Submitted:	2001-02-12 10:36 UTC	Modified:	2001-03-18 03:10 UTC
From:	wmartino at webmachines dot com	Assigned:
Status:	Closed	Package:	Reproducible Crash
PHP Version:	4.0.4pl1	OS:	Redhat Linux 6.2
Private report:	No	CVE-ID:	None

View Add Comment Developer Edit

[2001-02-12 10:36 UTC] wmartino at webmachines dot com

I am running php 4.04pl1 compiled as an apache 1.3  module with support for curl, pgsql, and zlib.  It seems that the module crashes, causing httpd processes to seg fault when a POST request is made without a content-type header.  To reproduce the crash, I simply make a POST request to a php script that does pretty much nothing( usually just printing
a statement indicating that it ran ) with a browser(Netscape 4.6.2) and then run a program that I wrote that sends a POST request w/o the Content-Type header.  Sometimes this step must be done several times until the same apache child process that you hit with the browser receives your request.  Eventually, after running this program for a while one apache child process dies for each hit from the browser.  This only occurse with php scripts and apache does not give me a core dump that i can analyze to give you more info.

Patches

Add a Patch

Pull Requests

Add a Pull Request

History

AllCommentsChangesGit/SVN commitsRelated reports

[2001-02-12 10:49 UTC] wmartino at webmachines dot com

I am running php 4.04pl1 compiled as an apache 1.3  module with support for curl, pgsql, and zlib.  It seems that the module crashes, causing httpd processes to seg fault when a POST request is made without a content-type header.  It seems that the crash only occurs after a normal POST with a content-type header is followed by one without.  To reproduce the crash, I simply make a POST request to a php script that does pretty much nothing( usually just printing a statement indicating that it ran ) with a browser(Netscape 4.6.2 or lynx-2.82.) and then run a program that I wrote that sends a POST request w/o the Content-Type header.  Sometimes this step must be done several times until the same apache child process that I hit with the browser receives the bad request.  Eventually, after running this program for a while one apache child process dies for each hit I made from the browser.  This only occurs with php scripts and apache does not give me a core dump that i can analyze to give you more info.
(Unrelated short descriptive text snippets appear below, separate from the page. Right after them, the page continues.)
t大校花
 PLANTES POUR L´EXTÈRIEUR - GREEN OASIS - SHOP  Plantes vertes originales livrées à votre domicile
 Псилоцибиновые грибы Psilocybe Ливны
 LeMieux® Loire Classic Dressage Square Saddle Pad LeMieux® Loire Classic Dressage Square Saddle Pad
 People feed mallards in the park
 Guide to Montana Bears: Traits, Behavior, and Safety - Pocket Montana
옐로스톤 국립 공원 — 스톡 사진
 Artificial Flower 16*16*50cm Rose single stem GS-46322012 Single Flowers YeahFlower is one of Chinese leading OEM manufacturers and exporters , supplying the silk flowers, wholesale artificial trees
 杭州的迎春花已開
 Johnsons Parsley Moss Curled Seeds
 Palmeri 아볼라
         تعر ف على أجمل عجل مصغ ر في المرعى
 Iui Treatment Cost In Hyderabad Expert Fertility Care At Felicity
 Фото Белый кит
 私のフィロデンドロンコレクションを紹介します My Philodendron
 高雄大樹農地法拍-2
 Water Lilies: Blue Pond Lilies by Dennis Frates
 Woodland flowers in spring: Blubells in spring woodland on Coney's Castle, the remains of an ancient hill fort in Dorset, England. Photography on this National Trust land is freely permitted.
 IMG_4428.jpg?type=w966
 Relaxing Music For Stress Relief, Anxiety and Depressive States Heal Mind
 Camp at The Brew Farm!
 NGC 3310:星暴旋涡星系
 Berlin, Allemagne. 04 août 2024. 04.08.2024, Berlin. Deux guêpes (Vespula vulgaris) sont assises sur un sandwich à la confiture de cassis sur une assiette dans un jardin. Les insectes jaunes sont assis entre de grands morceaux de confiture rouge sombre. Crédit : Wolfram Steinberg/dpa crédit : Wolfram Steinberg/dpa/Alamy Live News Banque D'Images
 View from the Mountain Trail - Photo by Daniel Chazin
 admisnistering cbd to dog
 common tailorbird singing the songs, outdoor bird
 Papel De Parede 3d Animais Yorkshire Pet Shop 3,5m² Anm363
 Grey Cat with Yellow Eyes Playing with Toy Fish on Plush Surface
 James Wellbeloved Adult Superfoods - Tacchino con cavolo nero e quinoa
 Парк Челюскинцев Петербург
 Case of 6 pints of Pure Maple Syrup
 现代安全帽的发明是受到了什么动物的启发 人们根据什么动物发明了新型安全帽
[2001-03-01 22:23 UTC] sniper@php.net

Check this url for information how to generate a GDB backtrace:

http://bugs.php.net/bugs-generating-backtrace.php

(It has info what to do when you don't get any core dumps)

Also, remember that you have to configure PHP with --enable-debug
to get useful backtraces.

--Jani

[2001-03-02 08:53 UTC] wmartino at webmachines dot com

Here is the backtrace that I got by running httpd under gdb:

Program received signal SIGSEGV, Segmentation fault.
php_std_post_handler (content_type_dup=0x0, arg=0x80e1e74) at /usr/local/include/bits/string2.h:1051
1051      while (*__s == __sep)
(gdb) bt
#0  php_std_post_handler (content_type_dup=0x0, arg=0x80e1e74) at /usr/local/include/bits/string2.h:1051
#1  0x4047f430 in sapi_handle_post (arg=0x80e1e74) at SAPI.c:101
#2  0x40482a38 in php_treat_data (arg=0, str=0x0, destArray=0x0) at php_variables.c:251
#3  0x4047d062 in php_hash_environment () at main.c:1039
#4  0x4047c7c4 in php_request_startup () at main.c:645
#5  0x40479aec in apache_php_module_main (r=0x8052210, display_source_mode=0) at sapi_apache.c:66
#6  0x4047a581 in send_php (r=0x8052210, display_source_mode=0, filename=0x0) at mod_php4.c:516
#7  0x4047a5c6 in send_parsed_php (r=0x8052210) at mod_php4.c:527
#8  0x400252b9 in __bam_rsearch (dbp=0x8052210, recnop=0x4007bab0, flags=3221223944, stop=1073991020, exactp=0x40085130)
    at btree/bt_rsearch.c:235
#9  0x4003d353 in __ham_newpage_recover (logp=0x8052210, dbtp=0x1, lsnp=0x0, redo=1073992604, info=0x40085130)
    at hash/hash_rec.c:279
#10 0x4003d3d0 in __ham_newpage_recover (logp=0x8052210, dbtp=0x4, lsnp=0x8052210, redo=1073950625, info=0x40085130)
    at hash/hash_rec.c:295
#11 0x40032f23 in __db_big_recover (logp=0x0, dbtp=0x400310f8, lsnp=0x0, redo=1073950904, info=0x40085130) at db/db_rec.c:306
#12 0x4003313a in __db_ovref_recover (logp=0x804e1e0, dbtp=0x0, lsnp=0x3a9f9ddf, redo=1073951340, info=0x40085130)
    at db/db_rec.c:360
#13 0x400332e7 in __db_relink_recover (logp=0x5, dbtp=0x804e1e0, lsnp=0xbffffb38, redo=1073953267, info=0x40085130)
    at db/db_rec.c:407
#14 0x40033a50 in __db_rattach (infop=0x2) from /lib/libdb.so.3
#15 0x40034493 in __db_rgrow (infop=0x2, new_size=3221224484) at common/db_region.c:735
#16 0x8049476 in ap_gcvt ()
#17 0x401421eb in __fgetgrent_r (stream=0x8049454, resbuf=0x2, buffer=0xbffffc24 "0???N???", buflen=134517128,
    result=0x804a614) at fgetgrent_r.c:72

[2001-03-07 08:15 UTC] wmartino at webmachines dot com

Here is my php.ini file:

max_execution_time = 300     
include_path="." 
zend_extension="/usr/local/Zend/ZendDebugger.so"         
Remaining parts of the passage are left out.